Dressing up is not a game for the attendees of the 2015 Cosplay America convention.
Marie Pouler, a 26-year-old UNC Charlotte student working on her second master’s degree, spent over $400 to become Maleficent, both the main character in Angelina Jolie’s 2014 movie and the witch in “Sleeping Beauty.”
Mallory Walker, 20, became anime character Ciel Phantomhive, a costume that included a large pink dress that also cost about $400.
Costume play, or “cosplay,” can be an expensive and time-consuming hobby, which is why Cosplay America is a two-day convention at the Sheraton Chapel Hill dedicated to the craft of cosplay, not just doing it.

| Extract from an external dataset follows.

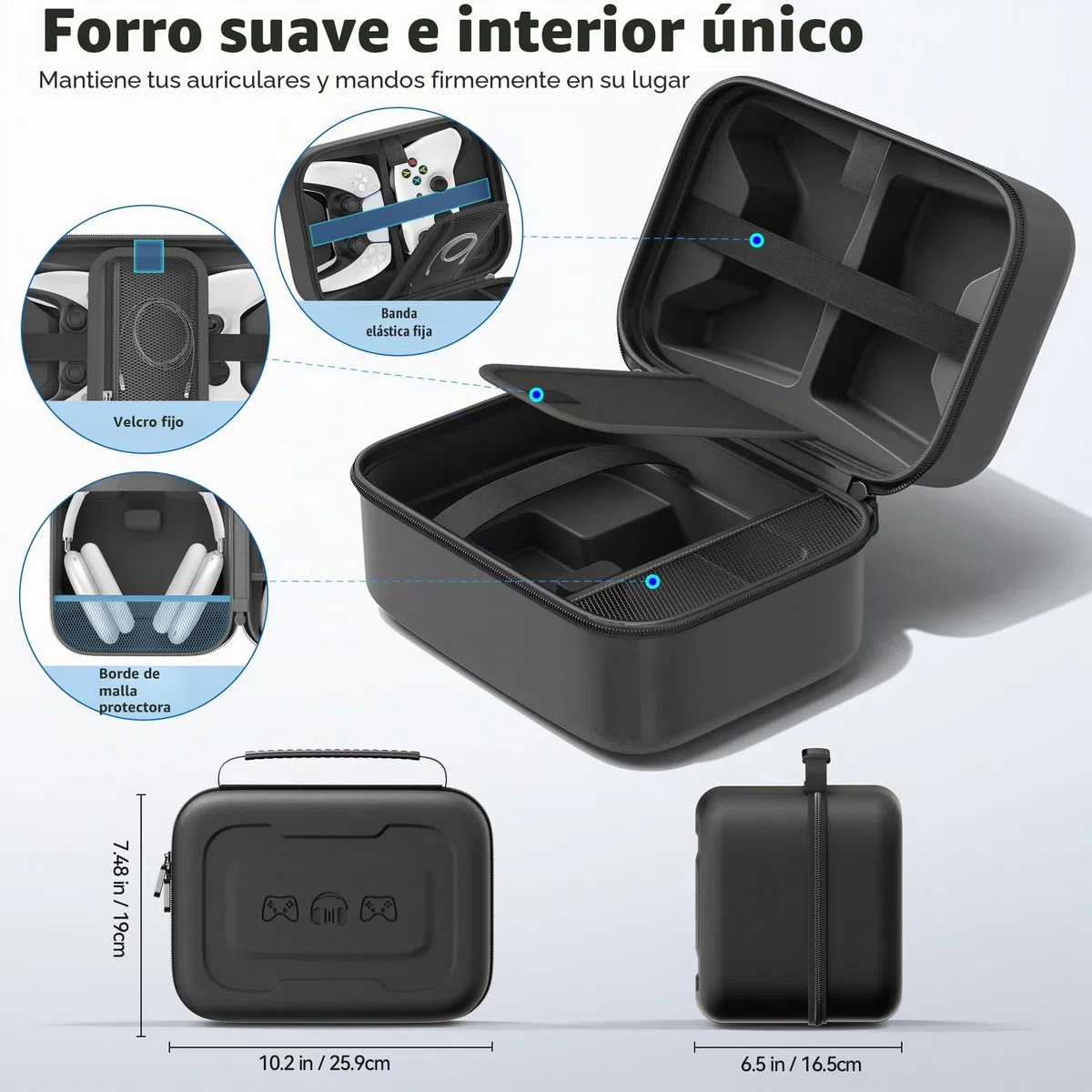 Funda Universal para Auriculares y Mandos, Estuche para Mandos de PS5/Switch/Xbox, Funda Auriculares Diadema de Gran Capacidad, Organizador Portátil para Accesorios Videojuegos con Bolsillo para Cable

“We’ve got a lot of programming put together to help people get better at it or focus on one element of it,” said Cosplay America staff member William Bloodworth.
The convention, which is planned and staffed locally, invites attendees to learn how to make costumes on a budget, how to create their gear from the beginning and admire the outfits put together by cosplayers from all over the world.
Cosplay America is full of panel discussions and workshops. There are sessions to learn how to make jewelry or armor, style a wig and craft molds for more complicated costumes.
The organizers of the event used to work together on Animazement, a Raleigh anime convention, Bloodworth said. The group, himself included, wanted to focus on something different.
“This convention is specifically for cosplayers,” he said. “It takes that one aspect of fan communities and focuses on it.”
This year, Cosplay America staff hope that about 1,000 people attend over the two days. The number is typical for most local fan conventions, Bloodworth said.
Most fan conventions are themed – for example, steam punk, comics or video games – and welcome cosplayers, but they are not necessarily about cosplaying, Bloodworth said.
Appreciating art and community
As the conventions get more popular, cosplaying is more prominent. And the number of conventions in the state has exploded recently, said Sharon Berg, a volunteer coordinator at Cosplay America.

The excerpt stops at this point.